Opera Browser Gets Fraud Protection

Opera Software is adding fraud and phishing protection to the next release of its free Web browser, version 9.1. The technology follows similar features coming in Firefox 2.0 and Internet Explorer 7, but takes a slightly different approach. Phishing scams and other fraudulent Web sites have continued to pose a major threat to Web surfers. […]

Opera Software is adding fraud and phishing protection to the next release of its free Web browser, version 9.1. The technology follows similar features coming in Firefox 2.0 and Internet Explorer 7, but takes a slightly different approach.

Phishing scams and other fraudulent Web sites have continued to pose a major threat to Web surfers. The Anti-Phishing Working Group said last month that phishing sites increased to 14,191, a new record. Scammers often pose as banks, ISPs and even government agencies in order to steal consumers' identity information.

Opera previously introduced warnings related to fraudulent URLs and SSL certificates. Now, the browser will actively check to see whether a Web site is trusted or a known fraud site. Specifically, when visiting a new site for the first time, the browser connects to a database operated by Opera.

If the site is known, a "i" will display at the right side of the address bar. If the site is unknown, a "?" will display. A fraudulent site will cause Opera to display a warning and prevent the user from connecting to it. Users can override the warning and visit the site if they so please.

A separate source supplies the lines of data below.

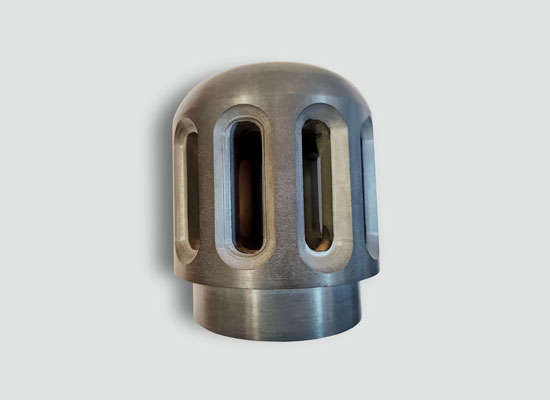 yp街机·电子游戏(中国)官方网站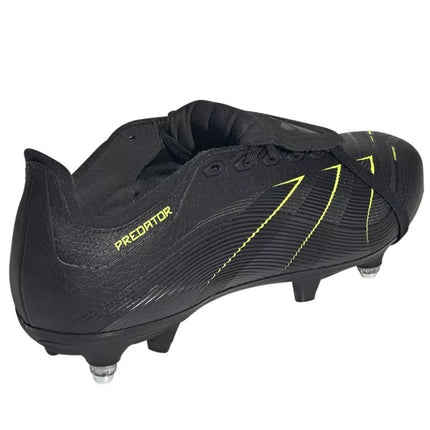 Adidas Predator League FT SG M JR7121 batai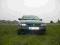 SEAT IBIZA 94r. HAK GAZ TANIO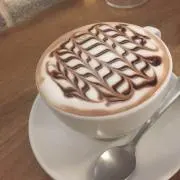 miの画像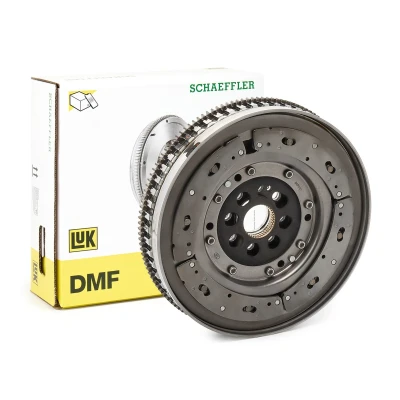 Imagem de LuK 415 1025 09 Volante do Motor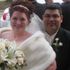 Hilton and Jeannette Morales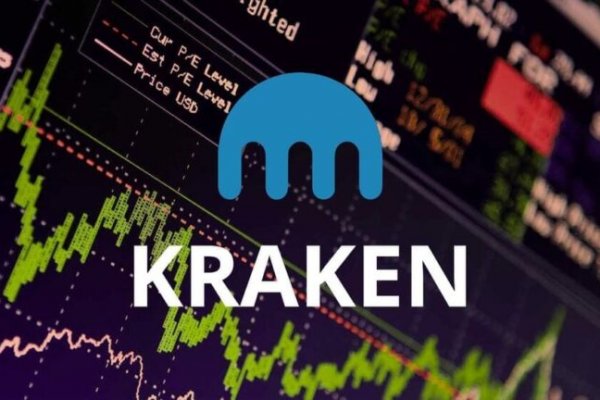 Kraken официальный сайт ссылка через tor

Firefox 2.0, meanwhile, uses a blacklist that is stored locally. Users can opt to enable real-time fraud checking, which utilizes a database provided by Google and other security firms. Opera says it chose to turn on real-time protection by default, as most phishing attacks only last a short period of time and would be missed by an outdated blacklist.

Although some users may be concerned about privacy implications, Opera explains that its browser will only send the minimum information needed to check to see whether a site is fraudulent, and will then store the response for future use.

"We don't store information on our servers that let us track individual users. IP addresses are discarded and we don't use cookies or other session information. No information goes directly to third parties, all communication goes through our own servers," the company said in a blog posting. "The requests go over HTTP, but the replies will be signed by the server to make sure they are genuine."

Opera is utilizing a database of Web sites provided by GeoTrust, which was recently acquired by VeriSign. GeoTrust currently offers a browser toolbar that enables similar fraud checking. Still, the feature can be disabled if users are concerned, Opera notes.